**TO DO**
Write out exactly the lines from the line that contains "FLAMME SNOW Inomhusdekoration" through the final line of the listing below, and no others.

————————

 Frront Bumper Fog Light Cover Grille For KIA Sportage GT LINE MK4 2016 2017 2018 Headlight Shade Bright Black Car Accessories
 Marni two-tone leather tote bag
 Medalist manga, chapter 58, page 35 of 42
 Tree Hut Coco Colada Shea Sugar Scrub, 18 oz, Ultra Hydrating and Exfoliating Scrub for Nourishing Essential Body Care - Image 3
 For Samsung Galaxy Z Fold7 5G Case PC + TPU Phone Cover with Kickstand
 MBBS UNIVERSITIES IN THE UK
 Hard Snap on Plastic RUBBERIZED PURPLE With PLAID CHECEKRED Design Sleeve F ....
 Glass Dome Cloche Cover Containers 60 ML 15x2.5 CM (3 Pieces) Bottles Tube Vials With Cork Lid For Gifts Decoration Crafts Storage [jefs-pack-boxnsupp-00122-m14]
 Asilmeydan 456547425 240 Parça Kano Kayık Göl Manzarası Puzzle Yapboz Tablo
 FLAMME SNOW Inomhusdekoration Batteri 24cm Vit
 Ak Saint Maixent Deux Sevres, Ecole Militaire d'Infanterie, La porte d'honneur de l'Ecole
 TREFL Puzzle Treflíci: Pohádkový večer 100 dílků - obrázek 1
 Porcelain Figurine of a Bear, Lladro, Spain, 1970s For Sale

————————

**RESPONSE TO THE TASK**
 FLAMME SNOW Inomhusdekoration Batteri 24cm Vit
 Ak Saint Maixent Deux Sevres, Ecole Militaire d'Infanterie, La porte d'honneur de l'Ecole
 TREFL Puzzle Treflíci: Pohádkový večer 100 dílků - obrázek 1
 Porcelain Figurine of a Bear, Lladro, Spain, 1970s For Sale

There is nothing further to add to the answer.